Click read more if you wanna, eh, read more.
1. Chemical Migration
2. Strength of seams
The first thing I did was to collect information on the materials I used. Each item that goes into toy making must be tested for chemical migration. This test has to be done by a lab unless you have some super hi tech chemical testing equipment at home. I found a group on facebook who collectively test ranges of fabric and other toy making stuff so that the cost of this testing is spread out over all those who use the group. They also have lots of personal information about the CE Marking process.
I bought a self-cert CE Marking pack from conformance. This pack walks you through all the steps required. Then I made my test puppet using the chemically certified materials.
Following the instructions in my conformance pack I carried out the torsion testing and strength testing on the seams. Then I did probe testing on the seams to check that little fingers cannot get through. All my seams passed. I tested on machine sewn seams and hand sewn seams. I also had to do some drop testing on my safety eyes and on the arm rods. They both passed.
The last bit of seam testing is with a small articulated rod. This is to emulate a child's finger and is to check that a child can't get in through the seam to any inner parts such as the stuffing. No problem here.

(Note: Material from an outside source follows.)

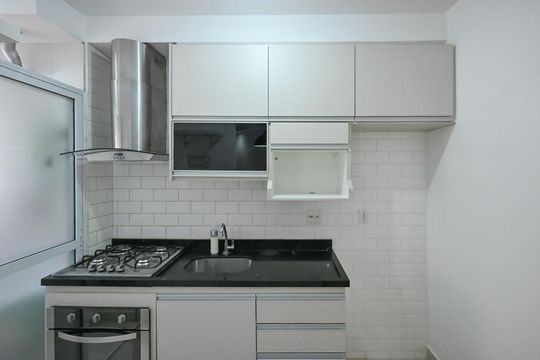 Cozinha de apartamento para alugar com 2 quartos, 52m² em Parque Taboão, Taboão da Serra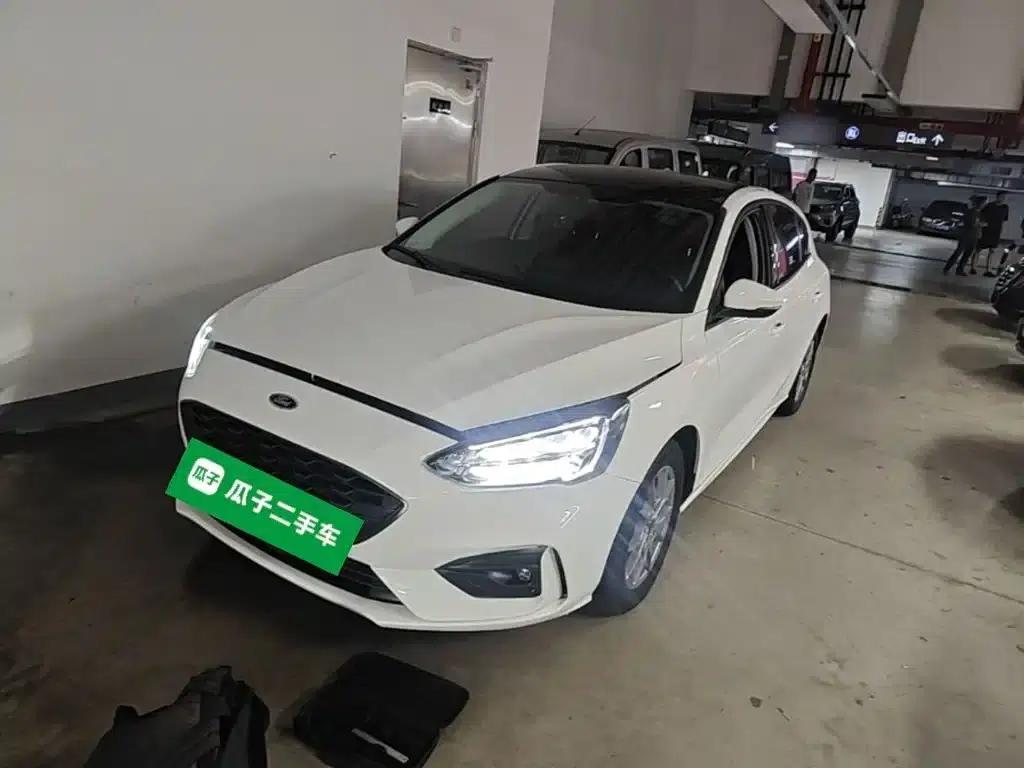 Ford Focus 2021 Hatchback EcoBoost 180 Automatic Trend Edition — миниатюра 2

The next step is the flammability test. I set the puppet on fire and recorded how quickly the flame spread. The flame spread very slowly indeed, so this is a pass. For the inner head I had to test the fabric and the stuffing material as the inner head itself is smaller than the recommended 150mm for fire testing. The stuffing was self extinguishing, pass pass pass.
The next part is to wash and test everything again. I did this and my hand sewn seams did not pass the articulated rod test after washing. I was surprised at this, but actually glad to know that I had to do better. So I sewed over the seams again with a different stitch and started the testing again. It passed the second time round and I now know for definite how much hand stitching is required and the type of stitching to use. I used a double thread and did one round of ladder stitch and one round with whip stitch.
So finally after a lot of head scratching and about 7 weeks of work I had fully tested my puppet and it is almost ready to sell. The last part I have to do is write up all my documentation and get safety tags printed. And then I'm ready to sell!